FJI Sues Apartment Complex for Race Discrimination on Behalf of HOPE and Other Applicants

The Florida Justice Institute has filed a lawsuit against the owners and operators of Aventura Harbor Apartments for race discrimination against prospective tenants.  The case is brought on behalf of Housing Project Opportunities for Excellence (HOPE), a local fair housing organization that sent testers of different races to ask about the availability of apartments, and several individual African-Americans who were given false information about the availability of apartments.  The suit brings claims under the Fair Housing Act and the Civil Rights Act of 1866, and names as defendants Beverly Hills Club Apartments, LLC and United Property Management, Inc., as well as two employees at the apartment complex.

The suit alleges that HOPE’s African-American testers were falsely told that no apartments were available, or were available on less favorable terms, while the white and/or Hispanic testers were told that apartments were in fact available or were given more favorable terms.  One individual plaintiff is an employee of the apartment complex who was not offered the same rent discount as other white and/or Hispanic employees.  Two other sets of individual plaintiffs were falsely told that there were no apartments available in their price ranges, and then alterations were made to the visitor log so that no follow-up would be conducted with them.

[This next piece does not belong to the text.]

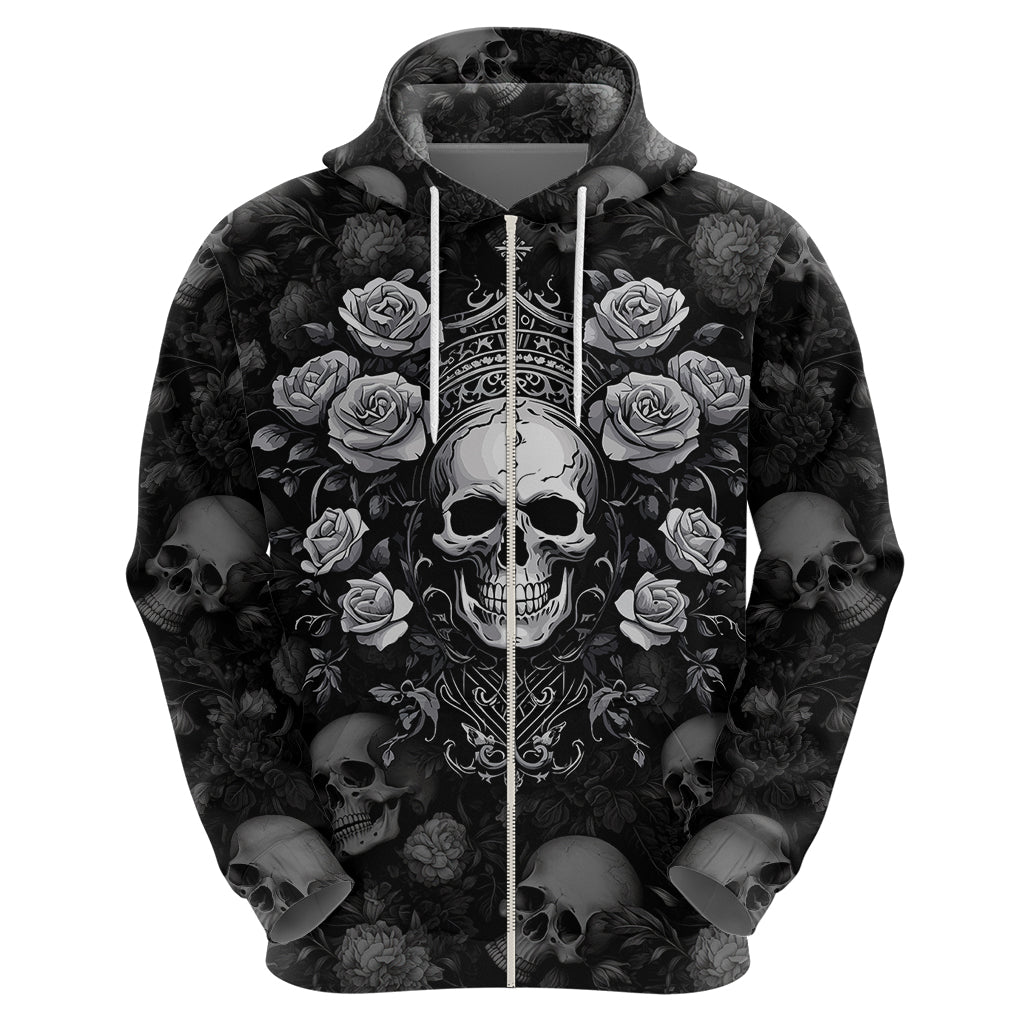 Skull Hoodie I Am Who I Am Your Approval Isn't Needed - Wonder Print Shop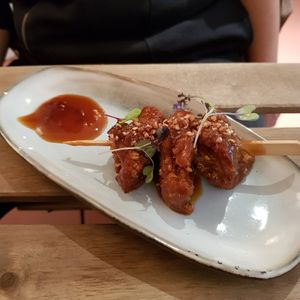 Yakitori at brEAThe Restaurant | Sushi végétal à Paris in Paris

This is not the first time that this apartment complex has been sued for race discrimination.  The owners or operators of the complex have been sued twice before by the U.S. Department of Justice, and once by FJI representing HOPE and other individual plaintiffs.  The latter lawsuits resulted in a $1.2 million settlement.

You can read the press release, or view media coverage of the suit.  Coincidentally, the Miami-Dade County Commission had recently voted to name a street after Jose Milton, the late owner of the companies that were sued, despite the previous lawsuits.  When this new lawsuit became public, however, the Commission voted to reverse that decision.